Your answer should be the lines below from the one holding "Photo gratuite vue" through the one holding "الدينار الكويتي والريال", copied exactly and with nothing else.

## EXERCISE INPUTS
-- Opening Marker --

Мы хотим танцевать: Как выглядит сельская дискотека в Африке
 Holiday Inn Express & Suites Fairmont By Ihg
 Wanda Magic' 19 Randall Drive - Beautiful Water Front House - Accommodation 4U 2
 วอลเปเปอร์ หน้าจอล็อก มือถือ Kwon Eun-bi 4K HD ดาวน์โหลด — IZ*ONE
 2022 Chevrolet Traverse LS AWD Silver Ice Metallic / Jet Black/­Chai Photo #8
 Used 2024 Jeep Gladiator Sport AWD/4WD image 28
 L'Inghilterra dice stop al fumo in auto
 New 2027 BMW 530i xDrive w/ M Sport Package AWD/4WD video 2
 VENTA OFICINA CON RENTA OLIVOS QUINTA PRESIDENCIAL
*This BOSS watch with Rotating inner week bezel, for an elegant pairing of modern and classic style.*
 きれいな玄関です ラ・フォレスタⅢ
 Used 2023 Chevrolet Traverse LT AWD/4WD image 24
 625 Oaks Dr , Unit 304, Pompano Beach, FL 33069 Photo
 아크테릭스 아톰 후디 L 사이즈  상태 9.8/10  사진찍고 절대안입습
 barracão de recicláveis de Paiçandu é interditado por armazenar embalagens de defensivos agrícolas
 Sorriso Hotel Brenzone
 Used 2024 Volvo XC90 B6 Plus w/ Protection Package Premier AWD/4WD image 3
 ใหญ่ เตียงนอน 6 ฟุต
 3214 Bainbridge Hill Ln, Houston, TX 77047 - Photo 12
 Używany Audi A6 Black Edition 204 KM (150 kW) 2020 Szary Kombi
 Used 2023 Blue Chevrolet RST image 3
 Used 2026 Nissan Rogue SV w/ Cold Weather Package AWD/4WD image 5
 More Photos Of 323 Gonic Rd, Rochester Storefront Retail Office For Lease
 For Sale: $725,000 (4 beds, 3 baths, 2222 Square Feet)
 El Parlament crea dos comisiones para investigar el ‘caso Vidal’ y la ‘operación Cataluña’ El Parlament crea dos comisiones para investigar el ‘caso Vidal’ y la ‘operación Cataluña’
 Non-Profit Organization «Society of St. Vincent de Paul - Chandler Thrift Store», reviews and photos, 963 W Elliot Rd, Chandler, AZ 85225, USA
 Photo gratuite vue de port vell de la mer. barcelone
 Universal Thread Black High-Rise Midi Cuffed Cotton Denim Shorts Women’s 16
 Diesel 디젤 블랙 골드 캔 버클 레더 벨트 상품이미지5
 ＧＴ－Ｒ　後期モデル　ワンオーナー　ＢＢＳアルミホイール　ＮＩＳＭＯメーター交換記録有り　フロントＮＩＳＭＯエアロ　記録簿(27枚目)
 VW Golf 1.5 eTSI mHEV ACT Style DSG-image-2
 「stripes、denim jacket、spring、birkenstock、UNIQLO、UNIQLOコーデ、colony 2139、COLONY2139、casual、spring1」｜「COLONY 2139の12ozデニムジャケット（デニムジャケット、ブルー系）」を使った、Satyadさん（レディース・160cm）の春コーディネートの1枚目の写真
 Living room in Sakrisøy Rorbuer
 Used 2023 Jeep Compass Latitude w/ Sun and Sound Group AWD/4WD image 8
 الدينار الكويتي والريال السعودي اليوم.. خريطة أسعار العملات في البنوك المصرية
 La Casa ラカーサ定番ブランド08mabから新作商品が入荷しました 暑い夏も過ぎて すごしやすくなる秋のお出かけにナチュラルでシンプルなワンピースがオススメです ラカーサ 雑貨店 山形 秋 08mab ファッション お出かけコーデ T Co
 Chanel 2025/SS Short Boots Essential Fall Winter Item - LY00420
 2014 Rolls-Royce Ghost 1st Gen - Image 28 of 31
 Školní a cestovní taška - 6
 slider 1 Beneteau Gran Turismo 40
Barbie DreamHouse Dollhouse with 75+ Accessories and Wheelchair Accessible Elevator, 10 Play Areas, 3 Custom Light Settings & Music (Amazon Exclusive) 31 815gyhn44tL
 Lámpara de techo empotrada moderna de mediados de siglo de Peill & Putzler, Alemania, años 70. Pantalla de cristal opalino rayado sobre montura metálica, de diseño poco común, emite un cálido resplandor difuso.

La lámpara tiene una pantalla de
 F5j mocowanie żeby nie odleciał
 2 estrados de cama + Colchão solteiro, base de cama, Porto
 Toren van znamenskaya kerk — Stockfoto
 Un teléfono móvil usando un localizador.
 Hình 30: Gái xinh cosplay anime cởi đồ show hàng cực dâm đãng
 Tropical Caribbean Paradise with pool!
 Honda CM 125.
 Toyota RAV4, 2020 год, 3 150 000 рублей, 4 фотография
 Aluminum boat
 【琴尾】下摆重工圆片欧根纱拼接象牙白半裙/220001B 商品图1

-- Closing Marker --

## YOUR SOLUTION
 Photo gratuite vue de port vell de la mer. barcelone
 Universal Thread Black High-Rise Midi Cuffed Cotton Denim Shorts Women’s 16
 Diesel 디젤 블랙 골드 캔 버클 레더 벨트 상품이미지5
 ＧＴ－Ｒ　後期モデル　ワンオーナー　ＢＢＳアルミホイール　ＮＩＳＭＯメーター交換記録有り　フロントＮＩＳＭＯエアロ　記録簿(27枚目)
 VW Golf 1.5 eTSI mHEV ACT Style DSG-image-2
 「stripes、denim jacket、spring、birkenstock、UNIQLO、UNIQLOコーデ、colony 2139、COLONY2139、casual、spring1」｜「COLONY 2139の12ozデニムジャケット（デニムジャケット、ブルー系）」を使った、Satyadさん（レディース・160cm）の春コーディネートの1枚目の写真
 Living room in Sakrisøy Rorbuer
 Used 2023 Jeep Compass Latitude w/ Sun and Sound Group AWD/4WD image 8
 الدينار الكويتي والريال السعودي اليوم.. خريطة أسعار العملات في البنوك المصرية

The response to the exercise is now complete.